The 2011 Miss USA pageant contestants were asked this summer, “Should evolution be taught in schools?” The winner, Alyssa Campanella of California said, “Yes.” Perhaps a better question for the young women would be, “Should the Bible be taught in public schools?” And the answer should be "yes" again.
This year marks the 400th anniversary of the King James Version of the Bible. This all-time bestseller has had a profound impact on the history and development of the United States and remains a vital part of American life and culture. Yet, Americans are less biblically literate now than ever before. In order to increase this vital cultural literacy, public schools should teach courses in biblical literature.
Of course, any mention of both public schools and the Bible in one breath sparks fear of a slippery slope that leads to teaching creationism or mandating compulsory prayer in school. I am not advocating indoctrinating students in a particular faith tradition but rather, teaching literature.
Reading the Bible as literature in public schools does not violate the First Amendment nor our hallowed notions of the separation of church and state.
The Supreme Court has made that clear on multiple occasions.
In the seminal Abington vs. Schempp ruling in 1963, the court ruled against state-sponsored devotional reading of the Bible. Yet, it supported the secular study of the Bible. It stated: “It certainly may be said that the Bible is worthy of study for its literary and historic qualities. Nothing we have said here indicates that such study of the Bible or of religion, when presented objectively as a part of a secular program of education, may not be effected consistently with the First Amendment.”
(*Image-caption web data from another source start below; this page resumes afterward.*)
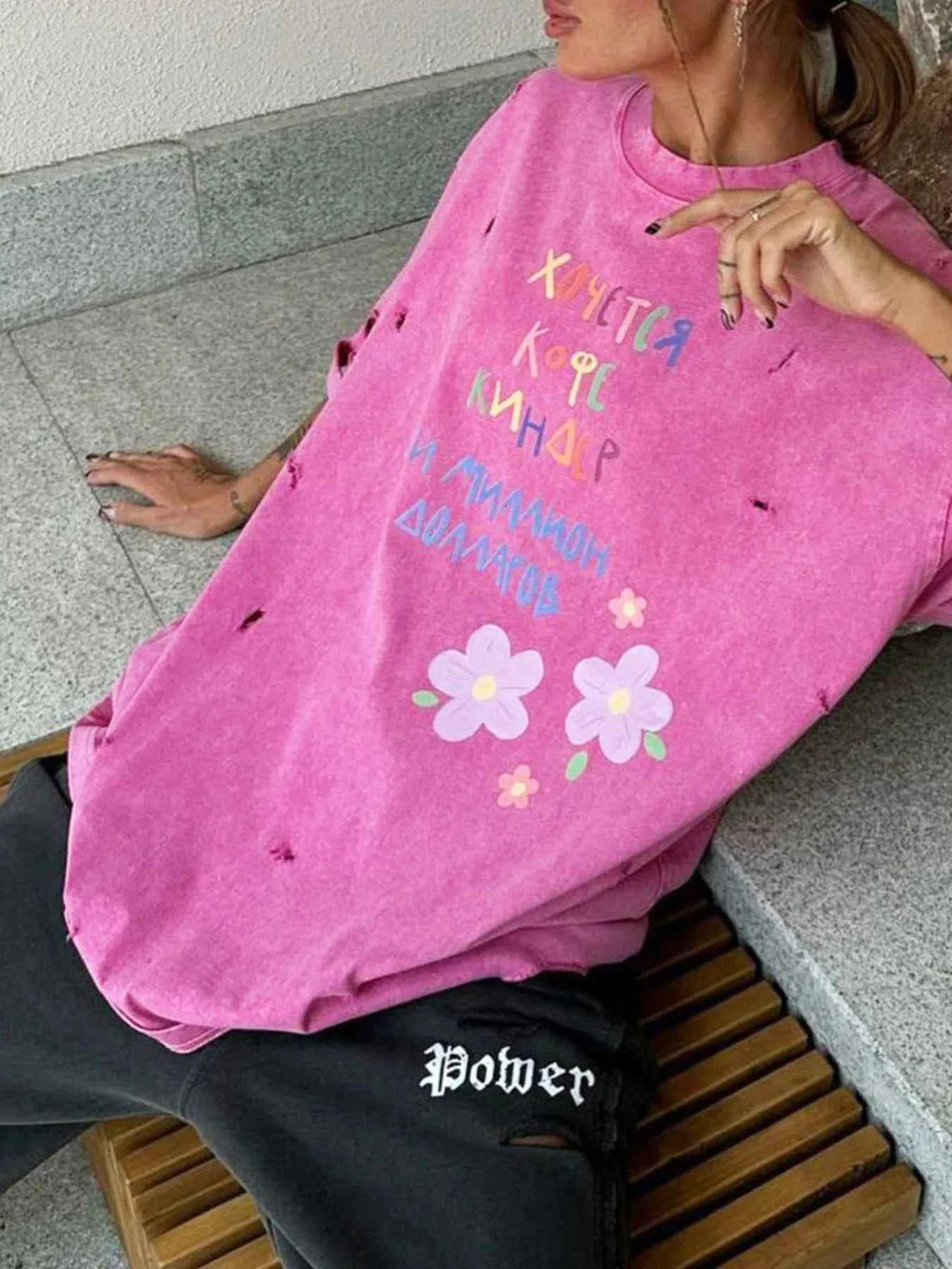 Distressed Oversized Letter Round Neck T-Shirt b722544d-2c7c-47a3-b71d-1fab7d78dc1e-Max-Origin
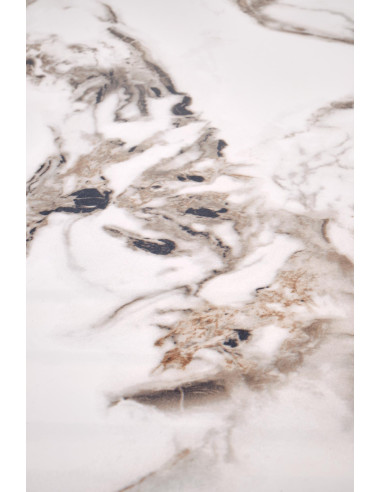 GARET stół okrągły, biały marmur / czarny (2p 1szt)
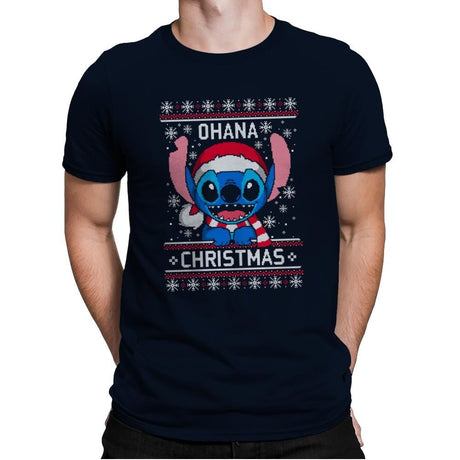 Ohana Christmas - Ugly Holiday - Mens Premium T-Shirts RIPT Apparel Small / Midnight Navy
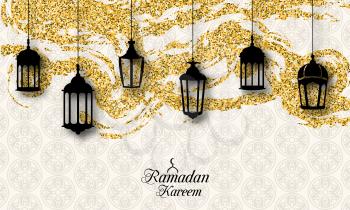 Arabic Lanterns, Fanoos for Ramadan Kareem, Islamic Glitter Card - Illustration Vector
In 1973, the court ruled in Committee for Public Education vs. Nyquist that the state could not provide financial support to nonpublic schools. It stated, “The First Amendment does not forbid all mention of religion in public schools; it is the advancement or inhibition of religion that is prohibited.”
In Stone vs. Graham in 1980, the Court ruled that the posting of the Ten Commandments was unconstitutional. Yet, it affirmed, “The Bible may constitutionally be used in an appropriate study of history, civilization, ethics, comparative religion, or the like."
English classes read "The Iliad" and "The Odyssey" without parents assuming that teachers are recruiting devotees for Greek polytheism. Biblical literature classes would not teach from a particular religious viewpoint but would teach students how to critically engage great literature.
The Bible has played an important role in education in our nation. In colonial America, people used the Bible to learn to read, and many desired to learn to read in order to read the Bible. Until recently, well-educated Americans could be expected to be familiar with and even quote biblical texts and to recognize biblical characters, imagery, and allusions such as “forbidden fruit” and “killing the fatted calf.” Not to be able to do so would mark you as a Philistine.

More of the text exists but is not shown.